No one collector, despite assumptions of omnipotence, can save it all. We have to work together.

When you come across art not likely to be saved, the stuff nobody remembers, that's your cue to save it for future generations.

You remember, and you're important. Pay for proper archival efforts, and when it's not for money, help out the nonprofit efforts.

If you can't think of a single work of art that you love but (almost) nobody is aware of, you aren't trying hard enough.

Plunge the depths of scholarship and history for whatever medium you care about. Music, film, paintings, whatever. There's always something.

There's no point saving art if nobody experiences it.

What else can you do? Proactively save cool Internet stuff you find. For videos, download it with YouTube-dl (not just for YouTube).

Nothing disappears off the web faster than a YouTube video using copyrighted music in an interesting way.

Use this bookmarklet to save web pages to Archive.org. Bookmark the archived link it makes.

javascript:location.href='http://web.archive.org/web/*/'+location.href.replace(/res:[^#]*#/,'');void(null)

Consider posting the art you make with a permissive license. Creative Commons has many licenses to choose from. https://creativecommons.org/

Be aware of copyright law and digitize public domain art. Lesser-known works may not have good-quality copies posted online.

For example, you can take a picture of something at an art museum for others to use.

Push the boundaries of fair use. It's hard to imagine the public domain growing without people realizing how bad copyright is.

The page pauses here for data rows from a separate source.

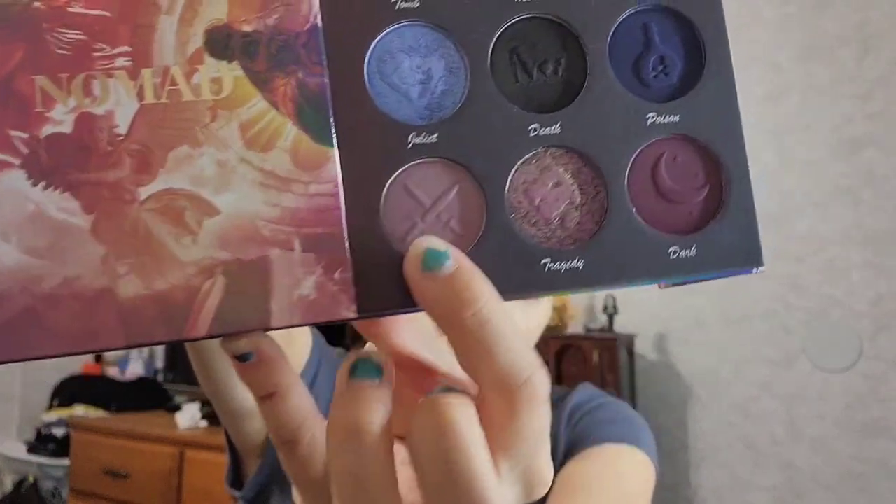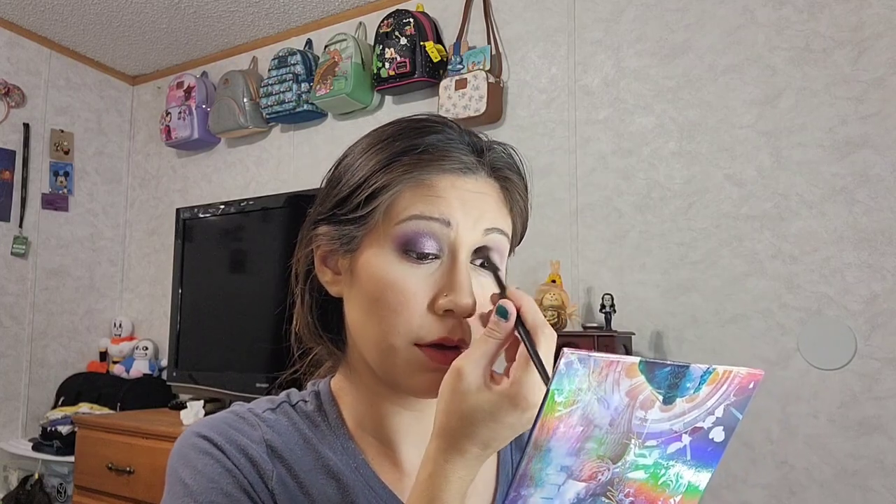The next shade is Dagger — it's kind of like a light purple shade, right here in the bottom of the palette. That's going to go into my crease, buffed up with the gray to give it a good transition. This palette is very beautiful; I've gone in with the love side on film at least two or three times and I really do enjoy it — the pigment is there and it is very pretty. There is that shade all buffed into the crease and up with the gray shade called Tomb.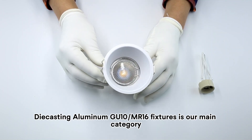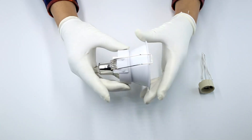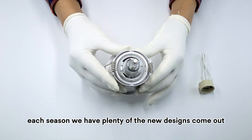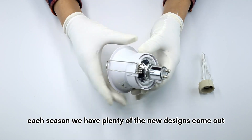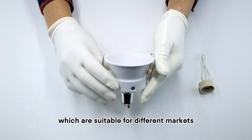Die-casting aluminum GU10 MR16 fixtures is our main category. We have our own R&D department. Each season we have plenty of new designs come out, which are suitable for different markets.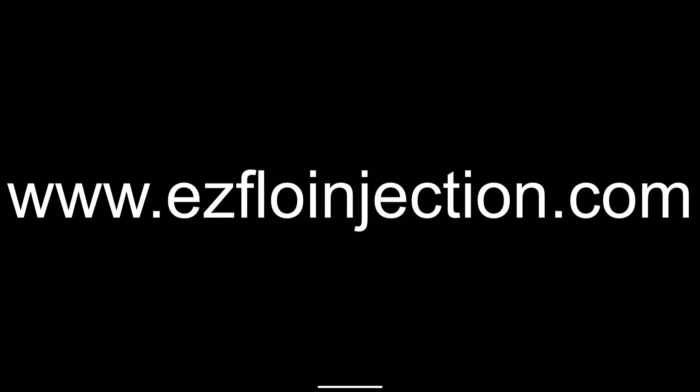If you have any questions or would like to learn more, stop in at your local EZ-Flow distributor or visit us online at EZ-Flow Injection.com.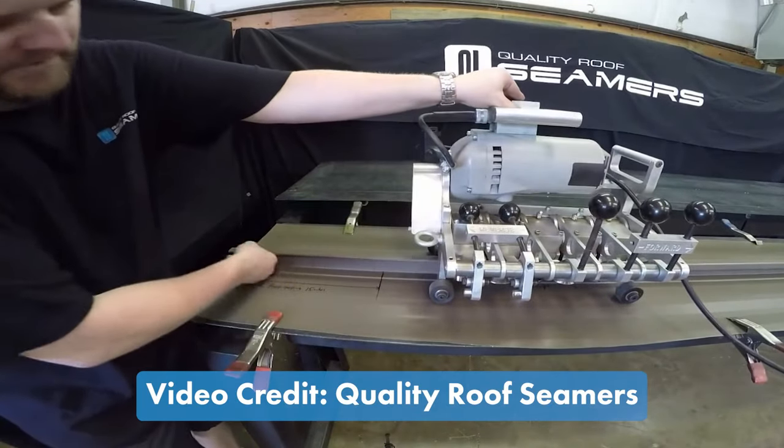We have videos online that can aid in that too for people not accustomed to it. Different people learn different ways — some people can read and be good, but some people need to visually see it. The fact that they have videos is a great tool, and with technology you can look it up right at the job site.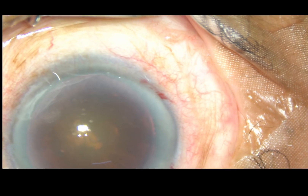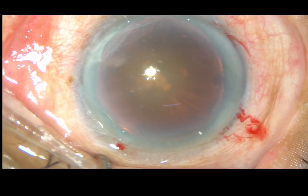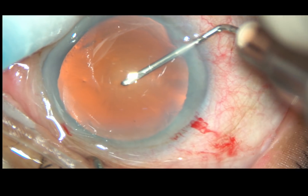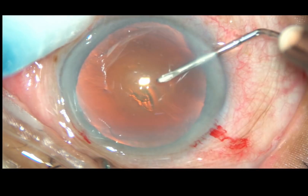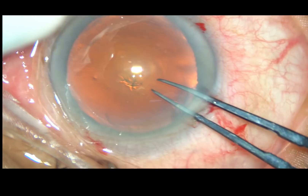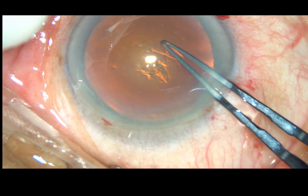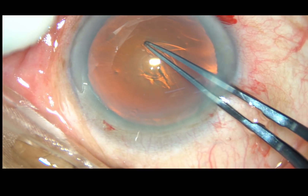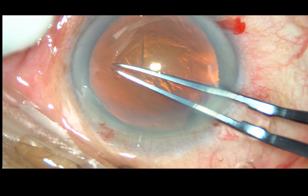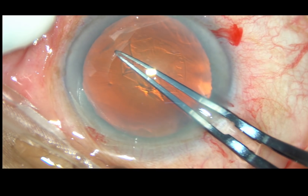By this time, the main incision and two side ports have been made. Now I am going to do capsulorhexis. The anterior capsule has been incised and the capsular flap has been raised. Now I am taking the utrata forceps and going all around about 360 degrees, tearing off some zonular fibers which are on the way.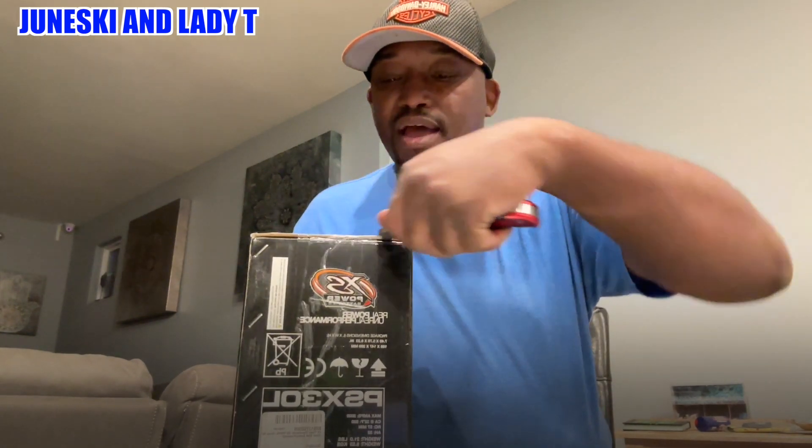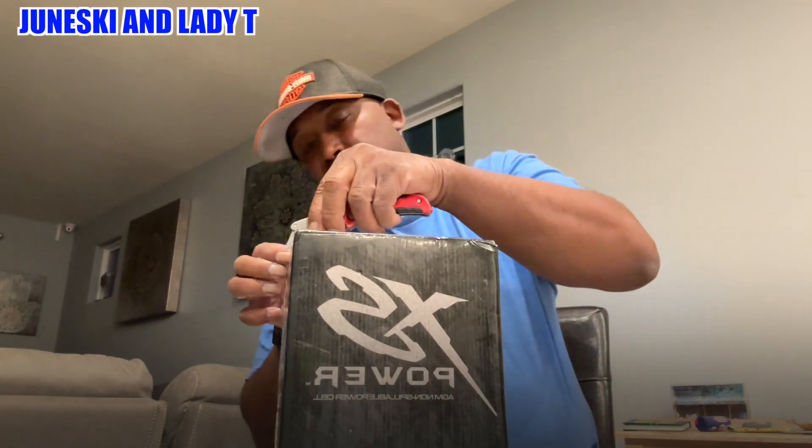Alright, I'm back. I got my handy dandy box cutter. Let's get ready to cut this thing open — cut this side, go across the top. I'm making sure I don't cut down too deep into it because I don't know what's in here.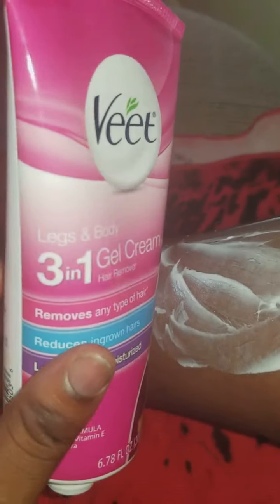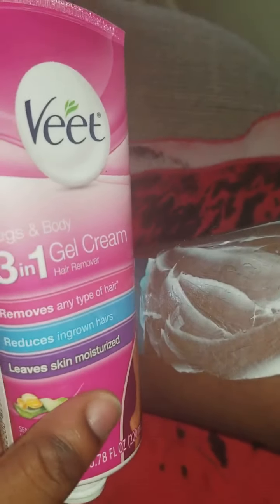So it's a three-in-one cream — it takes out any type of hair, it reduces ingrown hairs, and it leaves your skin moist. I've been using it and I decided to share it because it's been working so well so far.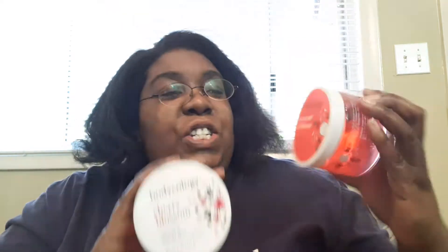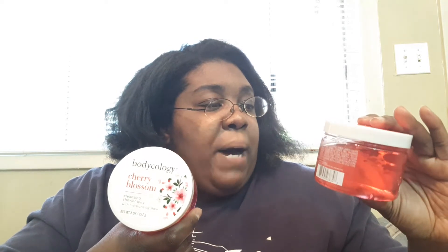I also found the Bodyology shower cleansing gel — one in Coconut Hibiscus and one in Cherry Blossom, which smells so good. It's a fragrance soap with shea butter to soften and moisturize your skin. All you do is scoop out the desired amount, wet your body, lather in a circle, and rinse off just like soap. It also works well with a washcloth or puff. I'm so excited to give these a try.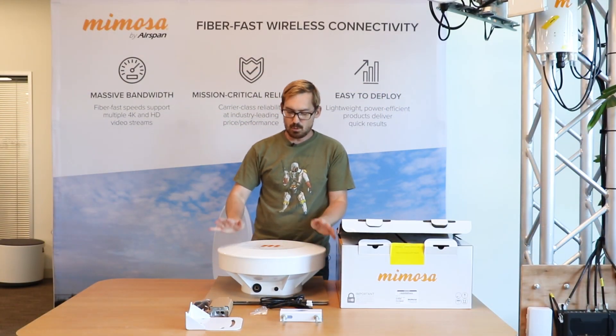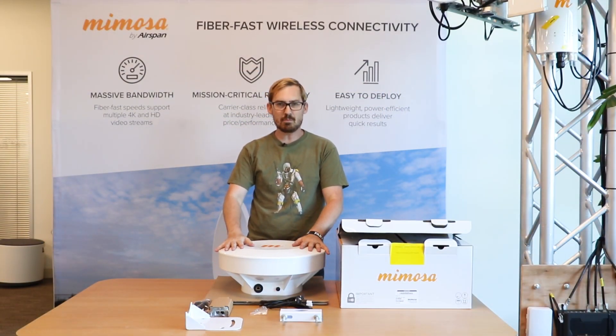All right guys, so that's everything that comes inside the B5 box. If you need anything or have any questions, feel free to contact us at Mimosa Support, or you can email us at support@mimosa.co. Thanks and have a great one — we'll see you next time on our next Mimosa video.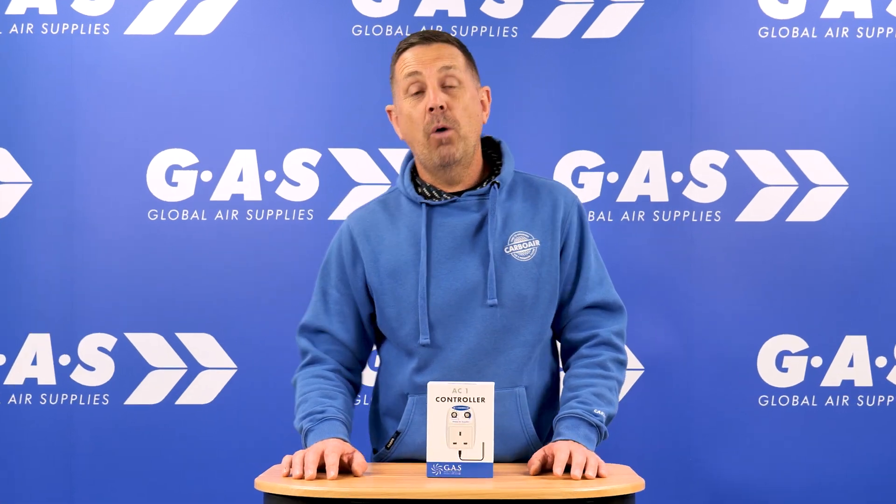Hi guys, welcome to Ian's Product Focus. What we're going to focus on today is the AC1 controller.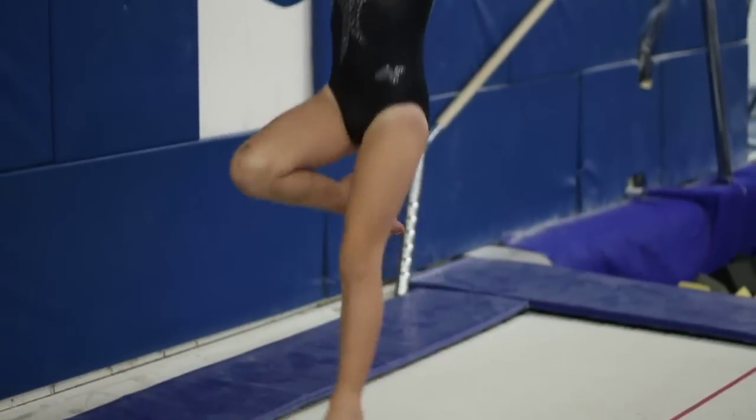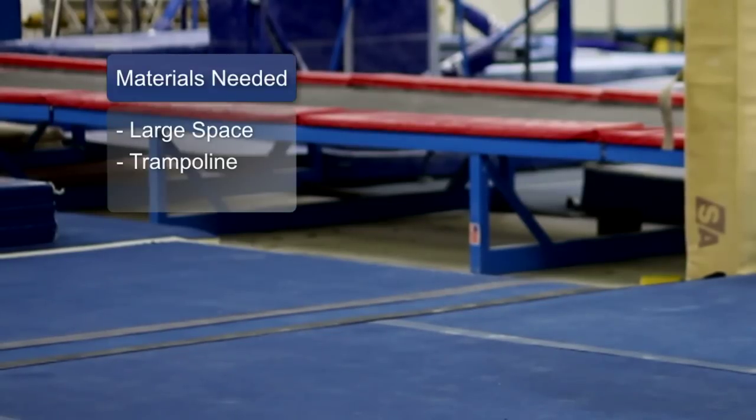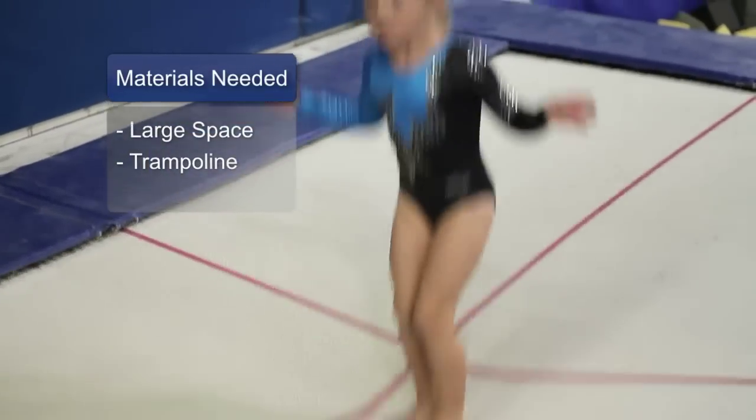Hi, I'm Andrea and this is Seneca. She's going to help me demonstrate beginning trampoline exercises for preschool age gymnasts. The materials you will need for this exercise are a big open space and a trampoline.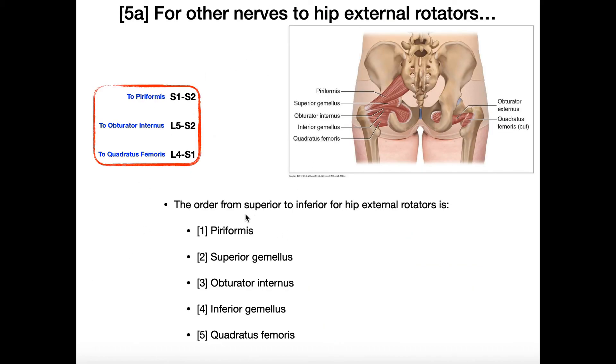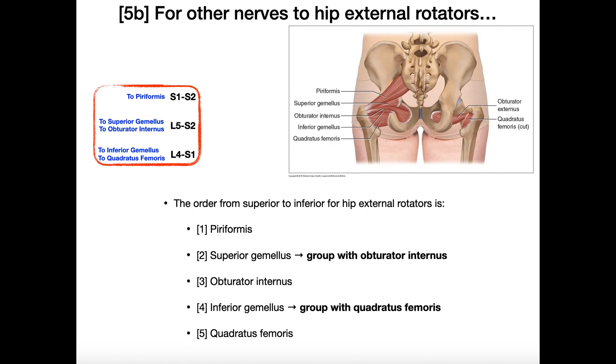There are a few other muscles here — deep gluteal muscles that pretty much all act as external rotators of the hip. From superior to inferior they go: piriformis, superior gemellus, obturator internus, inferior gemellus, and quadratus femoris. You can actually group a couple of these together logically. Piriformis is the largest of these muscles and so it gets its own nerve — nerve to piriformis.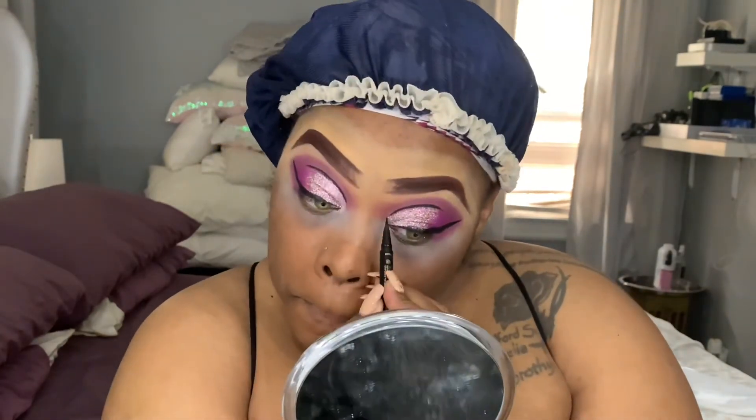Rhinestones can be very tedious, especially if this is your first time doing a rhinestone look. You want to use small rhinestones depending on what kind of look you're going for. I use lash glue to apply the rhinestones — I prefer it because it's lighter, keeps the makeup in place, doesn't move, and is easy for removal. I place the rhinestones in the crease.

Music sampling is widely believed to be legally dicey - yet Drake won a case on fair-use grounds.
https://www.hollywoodreporter.com/thr-esq/drake-beats-lawsuit-sampling-winning-fair-use-argument-1008935

In my non-lawyerly opinion, groups like AO3 aren't skirting the law; they're narrowing it. You do your part every time you make a meme!

Check the random shit your family has accumulated. For example, there are archivists strongly interested in Apple II floppy disks. https://paleotronic.com/2018/06/15/the-internet-archives-jason-scott-talks-apple-ii-software-preservation/

If you grew up on the Internet, you know the importance of all this. My world would be so narrow under a strict interpretation of copyright.

YouTube wouldn't exist under a strict copyright regime. I've discovered so many music, movies, and games without using traditional means.

There's more to art than the 10 companies hoarding all of it. They want to decide what you experience and when.